Aim of the exercise —
What lines of the data include the string "Apartment"? Copy them all.

[Caption-style text data]
• • • • • • •

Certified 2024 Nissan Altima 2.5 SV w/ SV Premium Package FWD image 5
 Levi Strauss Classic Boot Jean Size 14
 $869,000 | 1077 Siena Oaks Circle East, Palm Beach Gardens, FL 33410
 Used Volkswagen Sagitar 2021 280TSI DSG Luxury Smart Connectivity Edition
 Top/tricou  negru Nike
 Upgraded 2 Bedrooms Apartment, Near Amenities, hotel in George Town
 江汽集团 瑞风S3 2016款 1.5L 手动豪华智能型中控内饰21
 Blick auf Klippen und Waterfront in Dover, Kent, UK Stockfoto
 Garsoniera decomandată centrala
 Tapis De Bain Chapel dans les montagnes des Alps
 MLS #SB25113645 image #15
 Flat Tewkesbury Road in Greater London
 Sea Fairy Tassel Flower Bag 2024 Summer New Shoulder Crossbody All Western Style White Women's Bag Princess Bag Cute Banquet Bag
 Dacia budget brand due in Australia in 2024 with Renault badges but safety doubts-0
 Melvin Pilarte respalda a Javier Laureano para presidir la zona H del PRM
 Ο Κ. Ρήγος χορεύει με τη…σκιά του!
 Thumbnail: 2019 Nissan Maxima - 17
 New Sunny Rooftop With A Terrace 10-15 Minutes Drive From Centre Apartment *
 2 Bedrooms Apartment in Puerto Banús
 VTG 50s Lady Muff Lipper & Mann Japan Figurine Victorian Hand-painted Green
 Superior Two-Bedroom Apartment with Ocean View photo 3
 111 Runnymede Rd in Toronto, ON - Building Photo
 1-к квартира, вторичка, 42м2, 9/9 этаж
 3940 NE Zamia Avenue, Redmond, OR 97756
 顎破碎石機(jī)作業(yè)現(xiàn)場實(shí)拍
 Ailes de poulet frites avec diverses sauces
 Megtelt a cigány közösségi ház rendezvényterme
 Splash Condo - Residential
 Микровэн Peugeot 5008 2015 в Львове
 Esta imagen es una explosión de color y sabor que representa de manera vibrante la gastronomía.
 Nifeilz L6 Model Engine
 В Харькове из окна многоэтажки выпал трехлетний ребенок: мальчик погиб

• • • • • • •

Problem solution —
 Upgraded 2 Bedrooms Apartment, Near Amenities, hotel in George Town
 New Sunny Rooftop With A Terrace 10-15 Minutes Drive From Centre Apartment *
 2 Bedrooms Apartment in Puerto Banús
 Superior Two-Bedroom Apartment with Ocean View photo 3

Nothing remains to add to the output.